A pause in student loan repayments and the crypto meltdown are among the problems affecting lender
SoFi NASDAQ: SOFI.
But shares rallied along with the broader market Wednesday. Could it be that the bottom is in?
The online banking company went public with great fanfare in June 2021, via a merger with SPAC Social Capital Hedosophia.
Its primary customer base consists of people who skew toward the young, high earning demographic. SoFi aims to offer a wide range of financial services to this market. The idea is that customers will want to bundle most or all of their financial products and services with SoFi.
The stock briefly ran up in the weeks following its Nasdaq debut but began correcting late that same month. A year ago, SoFi’s price came within 1.2% of its post-debut high. After that, shares rolled over and haven’t staged a sustained uptrend since then, although there have been a few shorter, tradeable rallies.
SoFi’s performance over rolling time frames looks pretty dismal, with returns as follows:
- 1 month: -16.33%
- 3 months: -24%
- Year-to-date: -71.16%
- 1 year: -75.26%
But despite the carnage, analyst data compiled by MarketBeat show a consensus rating of “moderate buy” with a price target of $10, representing a 107.04% upside.

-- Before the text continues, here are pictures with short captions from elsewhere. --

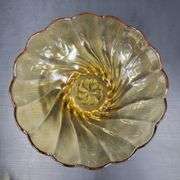 (Q) Amber Glass - Hazel-Atlas - Swirl Bowls
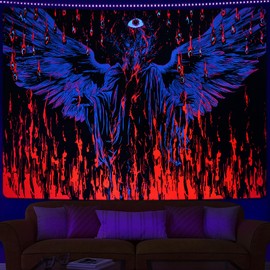 Uspring Blacklight Trippy Tapestry Blood Gothic Tapestries UV Mystic Eyes Tapestry Devil Wings Wall Tapestry Psychedelic Spooky Tapestry Wall Hanging, Black Light Decor (36.02 x 48.03 inches)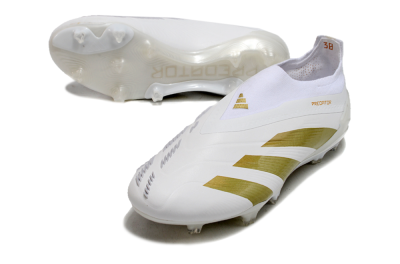 Adidas Predator Elite Laceless FG Low-Tops Soccer Cleats - Beige/White/Gold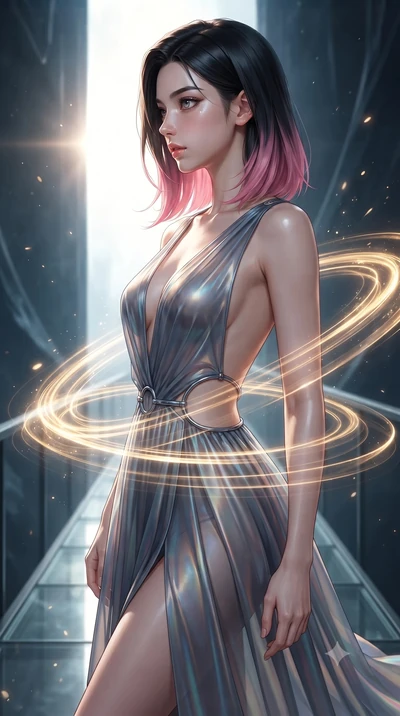 score_9, masterpiece, best quality, ultra-detailed, high-budget anime keyframe, editorial fashion photography, tasteful artistic composition, Korean woman. close-up cowboy shot from the waist and thighs up, the character dominates the composition, fi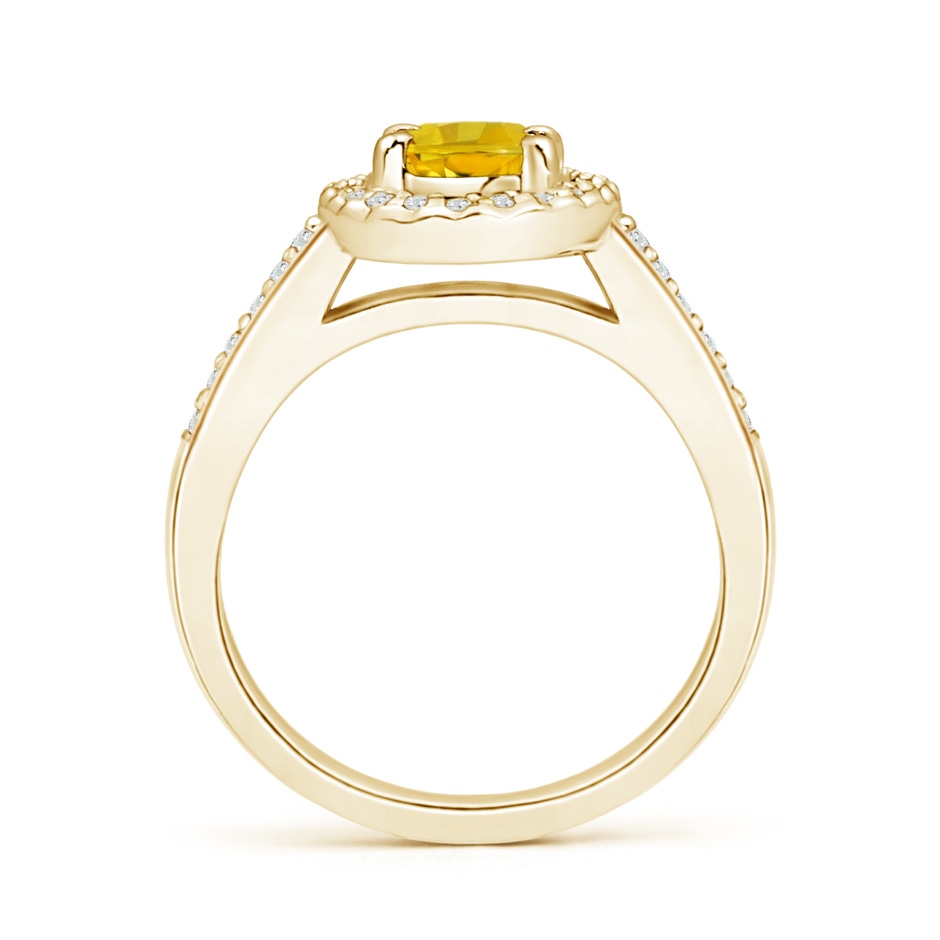 7x5mm AAAA Classic Oval Yellow Sapphire Halo Ring with Diamond Accents in Yellow Gold side-1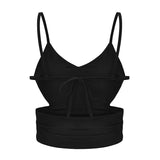Women Solid Sexy Halter Tank Tops Spaghetti Strap Camisole Knitted Ruched Drawstring Crop For Club Summer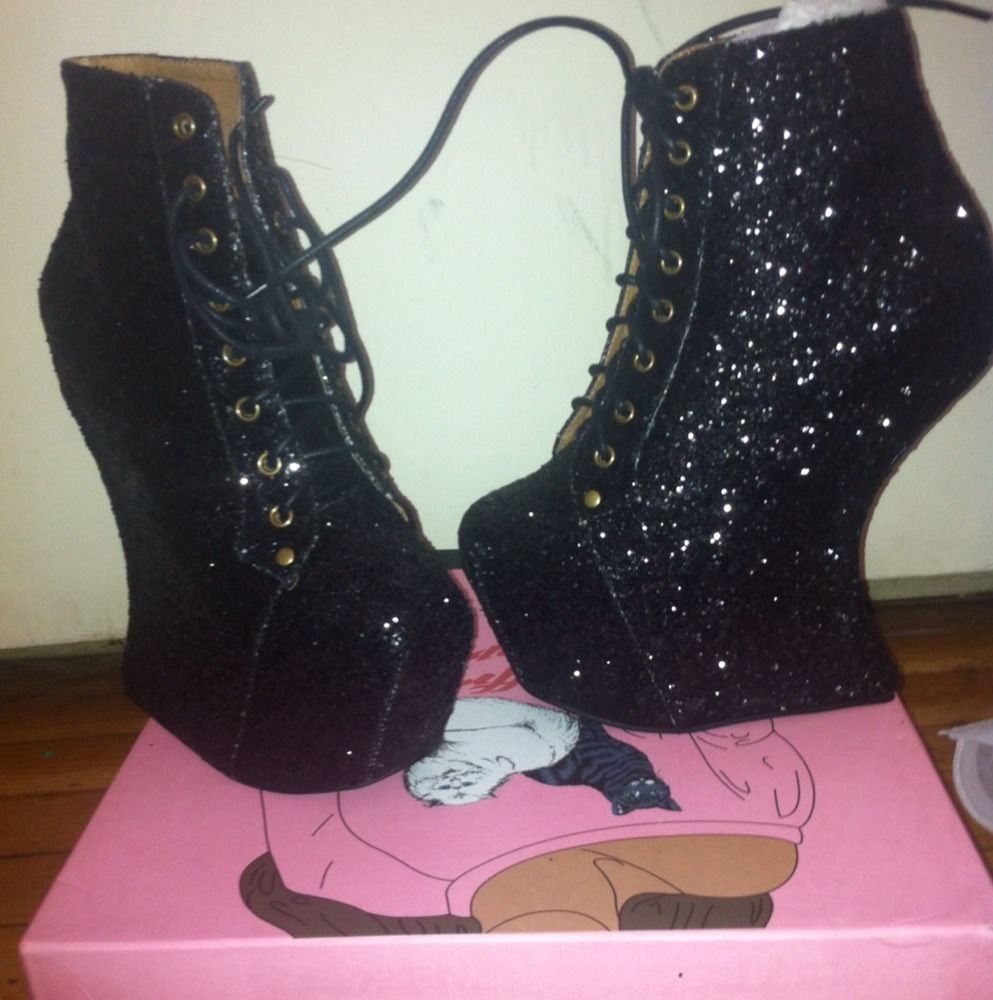 Jeffrey Campbell Glitter Moonwalk Heel Less Wedge NWB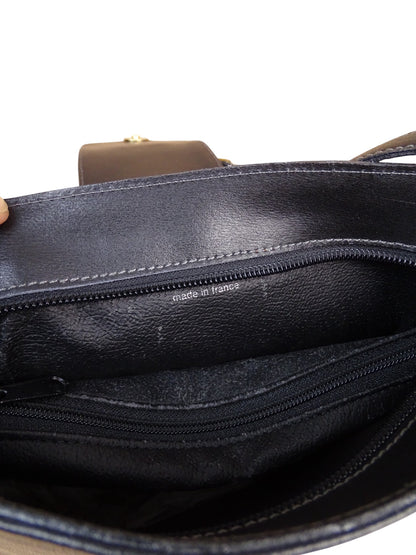 Courrèges Sac À Bandoulière Noir Cuir Vintage 1985 Femme
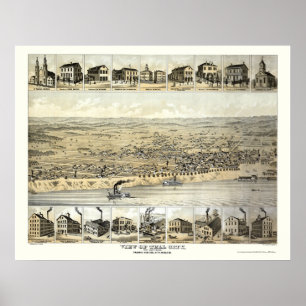 Póster Diga a Cidade, no Mapa Panorâmico - 1870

The company is not yet profitable, but revenue has been growing at double-digit rates in the past seven quarters. Its three-year annual growth rate is 46%.
Losses Narrowing
Analysts are optimistic about the company’s ability to continue narrowing its losses. SoFi lost $2.56 per share in 2020, which dropped to a loss of $1 per share last year.
For the full year, Wall Street expects SoFi to lose $0.43 per share, which is seen narrowing to $0.23 per share next year.
That signals that concern about student loan payment revenue is fading.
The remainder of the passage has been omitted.